A truly musical woofer needs to be articulate, not just to boom, but also to reproduce the intricate details that can be found in the bass portion of music. In this area, the MB Quart woofer really rises to the occasion. Using a bunch of different tracks, like Rickie Lee Jones’ Danny’s All Star Joint, Thom Rotella’s Friends and the Barenaked Ladies with expertly plucked stand-up bass, the sonic capabilities of the woofer impress.
Just for fun, I switch to a 1.5-cubic foot vented box to see what the difference would be. Immediately I note more output, but a distinct lack of the tight, controlled bass I enjoyed in the sealed enclosure. The woofer now has a “peaky” sound to it and seemed boomy. It just wasn’t as much fun to listen to; I preferred the sealed enclosure for this much more.

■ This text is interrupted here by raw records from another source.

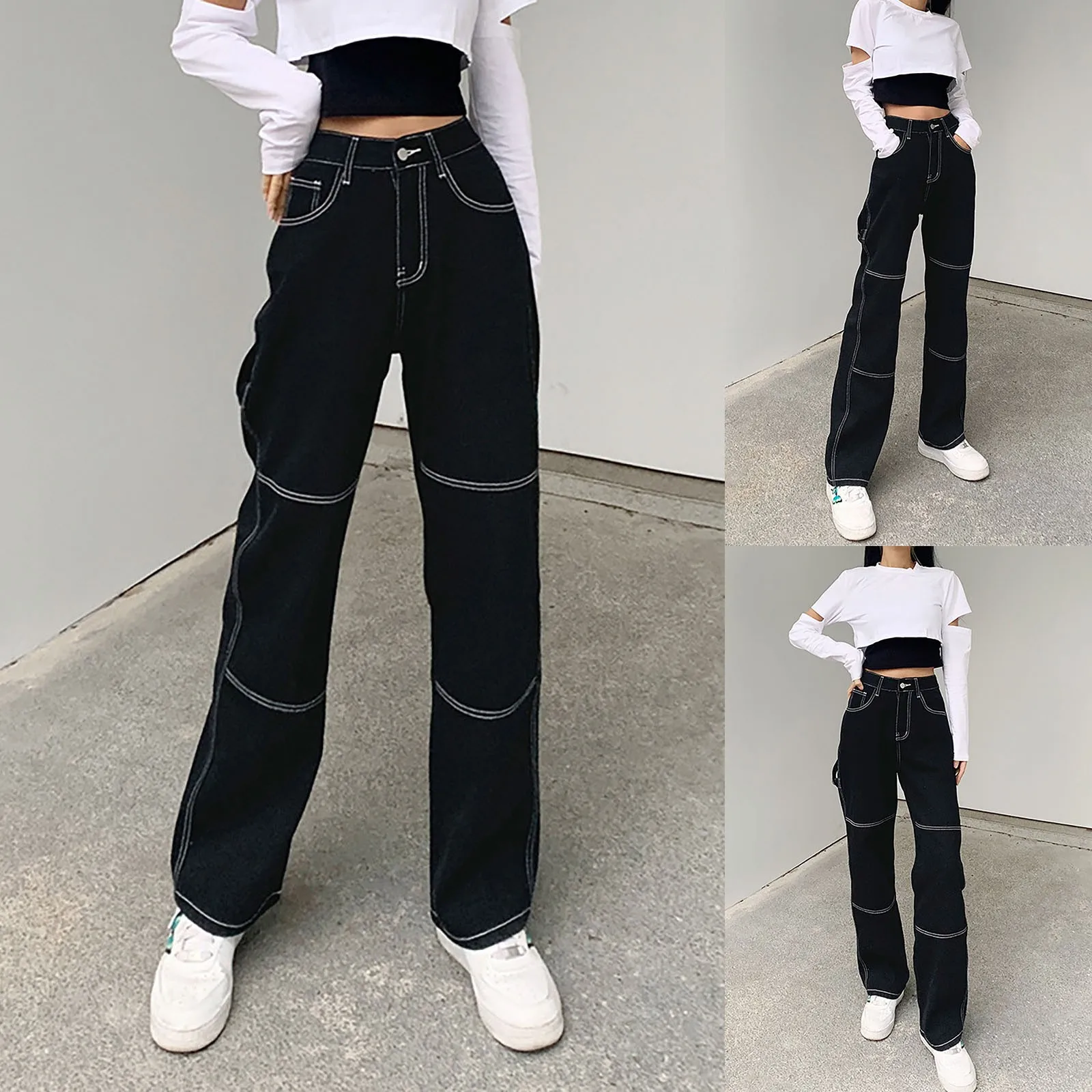 

40# Ripped Hollow Out Fashion Vintage Jeans Womens High Waisted Slim Flare Pants Holes Denim Pants Long Trousers Cotton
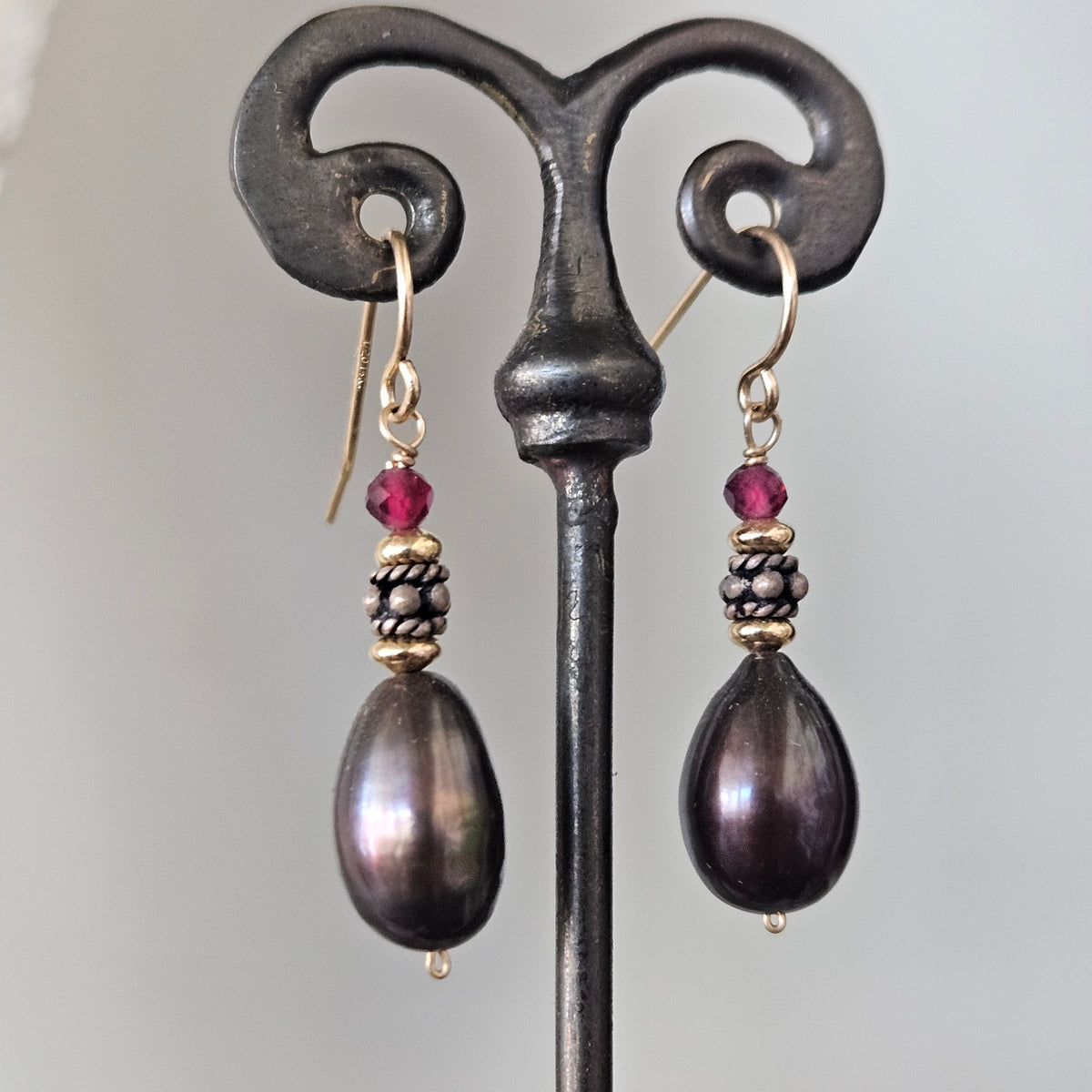 Garnet, Pearl, gold and Silver earrings, handcrafted by Antiqua Jewelry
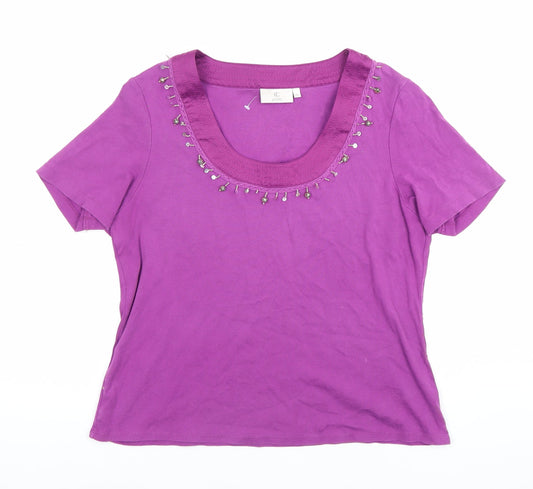 CC Petite Women’s Purple Beaded Scoop Neck T-Shirt L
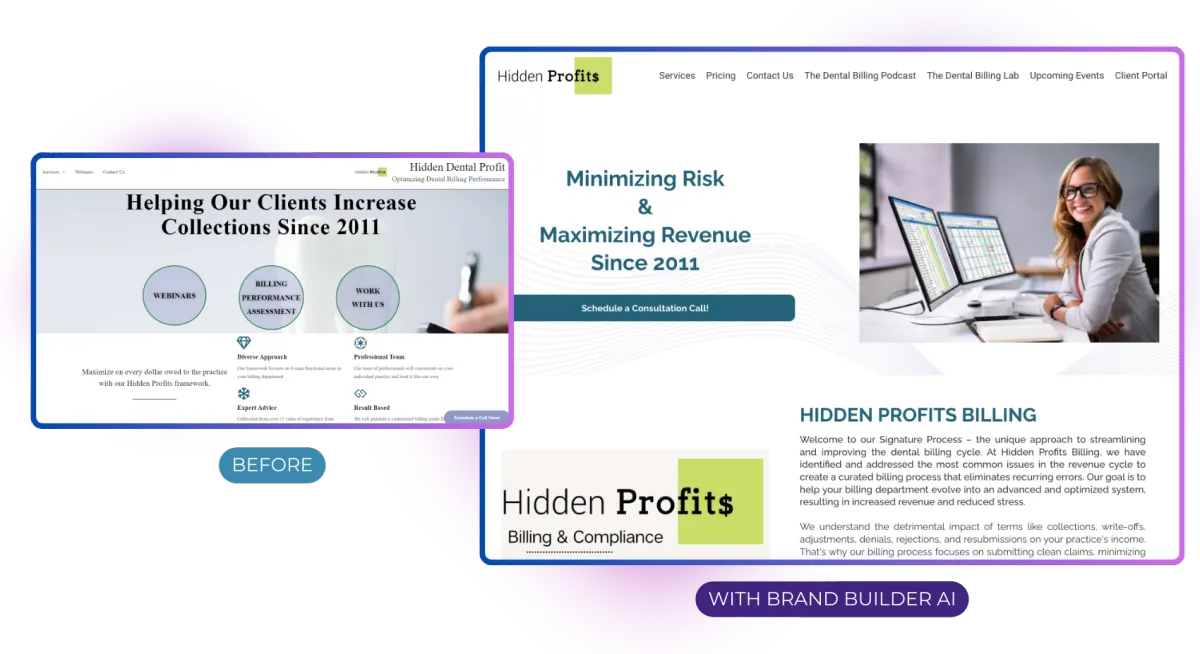 Hidden Profits | before and after with Brand Builder AI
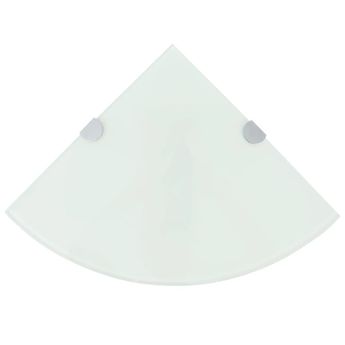 vidaXL Corner Shelves 2 pcs with Chrome Supports Glass White 25x25 cm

I could go on about how the MB Quart PWM304 performs impressively, with very good articulation of the bass notes, well-defined chord changes and good detail, even on subtle things like the impact of the kick pedal on the drum head. But what it really does well is simply play music. In the right sealed box, this is a musical woofer designed for someone who appreciates sound, not just SPL.
Bringing the woofer into the lab, I measure its parameters. My measurements are somewhat different from what I saw in the manual, which inexplicably only provides Thiele-Small data for the eight ohm configuration. I also note that with an efficiency bandwidth product of 35, this is much more of a sealed enclosure woofer. Granted, it can be used in a vented application, but sound quality (which is the main focus of this woofer) will suffer.
Revc= 1.990 ohm
Fo= 24.294 Hz
Sd= 0.0491 M²
Vas= 55.4L or 1.958 Ft³
Cms= 0.162 mm/N
Mmd= 258.719 g
Mms= 264.975 g
BL= 10.843 T•M
Levc= 0.910 mH
SPLo= 82.522 dB
Quick Tech Specs
Power Handling 500 Watts RMS / 1000 Watts “Peak”
Frequency Range 20 Hz – 300 Hz
Sensitivity 82.5 dB/SPL @ 1.0 W (1.414V @ 2 ohms)
Nominal Impedance (2) 4 ohms coils
After my listening evaluation I have a better understanding of the ‘best sounding MB Quart woofer ever’ comment I heard. While I can’t say if it actually is the best sounding woofer they’ve ever built, I agree it does sound very good indeed. This is a woofer for a serious listener, someone who knows music and what it should sound like. Make no mistake, there are plenty of woofers that will play louder, so if you are more inclined to buy a woofer to impress the people on the sidewalk, there are better choices. But if you simply love well-produced music and don’t mind giving up some output level and boom, the PWM304 should be high on your list of woofers to audition.